Reno, NV 89509
I’d seen it there for years—the house made of stone on the corner of Arlington Avenue and Plumb Lane. It caught my eye many times simply because I wanted to live there. It seemed so whimsical. It fit the picture of my dream house: a Brothers-Grimm-fairytale-style cottage. Then, one day, a sign out front I hadn’t noticed before told me that this little stone structure was not the residence of a wolf who’d recently eaten somebody’s grandma, but rather the temporary dwelling place of chefs, servers and busboys. It was the aptly named Stonehouse, a restaurant and catering outfit.
The Stonehouse’s recent renovation, particularly to the patio, has added a definite magical feeling to its already quaint qualities. I arrived near 6 o’clock on an overcast evening. It was a pleasant 60 degrees, and a spot near the huge fire pit outside assured warmth once the clouds drew tighter and the night darkened. Between the landscaping, the umbrellas and the surrounding rock barrier, The Stonehouse’s large courtyard has a very “secret garden” feel.
I enjoyed the breeze and the smell of leaves turning as I waited for my friend Amanda. When she arrived, the smartly dressed, amiable waiter, Angelo, came to take our orders.
We started with the baked brie and fruit ($8.95). The brie came topped with bleu cheese that appeared to have been broiled; it was golden and bubbly, a perfect crown for the brie. The fruit array consisted of pineapple, apple, cantaloupe and honeydew melon. The brie, which was very near the 98-degree temperature of my mouth, melted even more once on my tongue, the way all good bries do.
For dinner, Amanda and I were going to share the chicken curry and a pesto Boca burger.
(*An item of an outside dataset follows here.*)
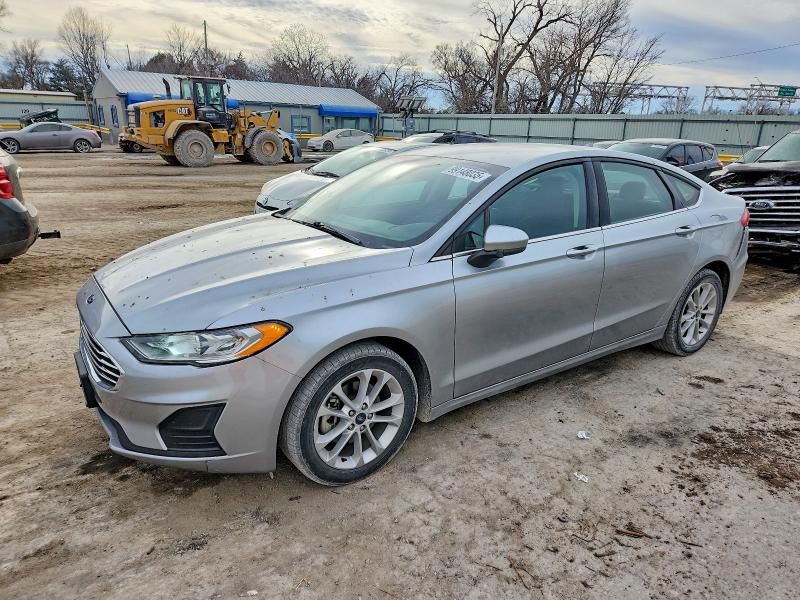 2020 Ford Fusion se
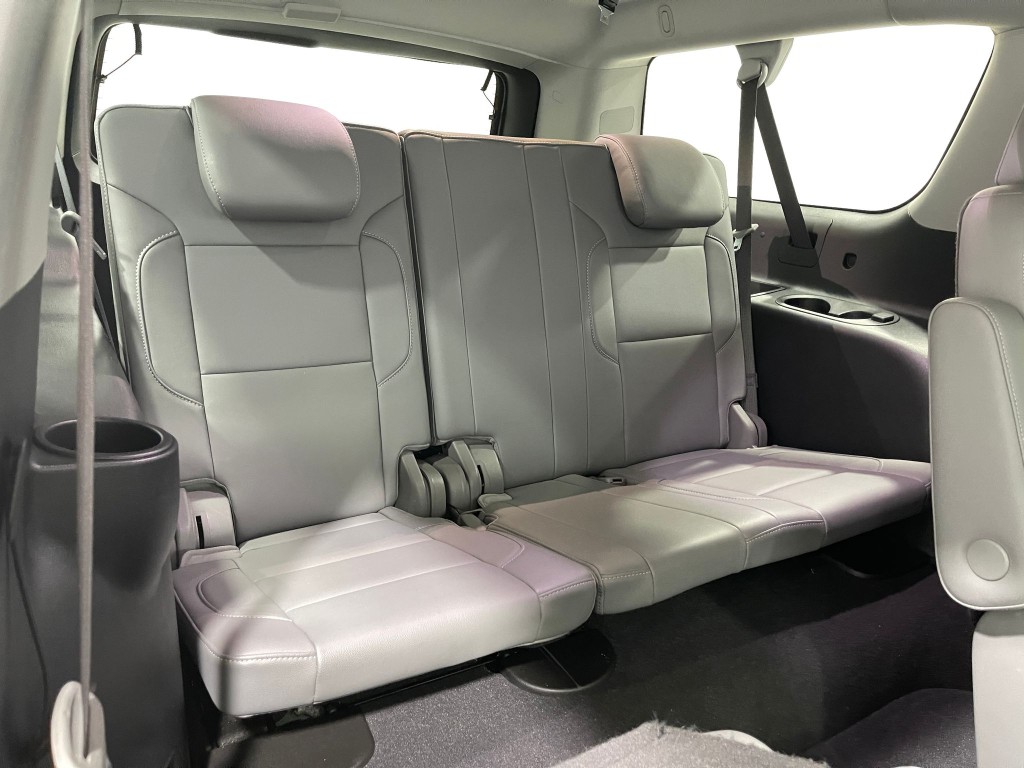 2020 Chevrolet Suburban Image 33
When the waiter apologized for being out of Bocas, I considered ordering the chicken pasta primavera, but the chicken curry ($18.95) sounded so appetizing I decided we’d just have to order two of the same dish.
Glad I did. The chicken was juicy in a way I’ve rarely experienced, and there was a fresh medley of vegetables and fruits topping it. It came with a side of perfectly cooked, mildly seasoned basmati rice.
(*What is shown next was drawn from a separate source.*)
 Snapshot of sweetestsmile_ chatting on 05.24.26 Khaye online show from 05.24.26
Amanda thought the chicken curry should have had slightly more spice. She may have been right, but I also thought there was a simplicity in the subtleness of the flavoring. Because the chicken wasn’t overly spiced, I was more able to fully taste the combination of flavors. Aside from the veggies, the chicken was topped with mixed nuts. In one bite, I could taste the distinct woody flavor of an almond, and in another, I could discern the bitter sweet of a walnut. As the sky dimmed, it was hard to make out what was contained in every bite of food, which made it a fun surprise when a piece of nondescript fruit, which looked similar to chicken in the afterglow, made it into my mouth—a sudden note of sweet among a symphony of savory.
Aside from the very personable waiter, we got an even more personable bartender when we moved inside due to rain. As Shawn passionately explained his world travels and his time spent living in Hawaii, Amanda and I shared a caramel apple pie torte ($5.95). Huge slices of apple made it hard to steal a femininely meager bite without taking a whole structure-supporting apple with it. It fell apart in the way great food does.
With extensive breakfast, lunch and dinner menus and a diverse, outgoing staff, The Stonehouse has something, and somebody, for everybody at any time of day.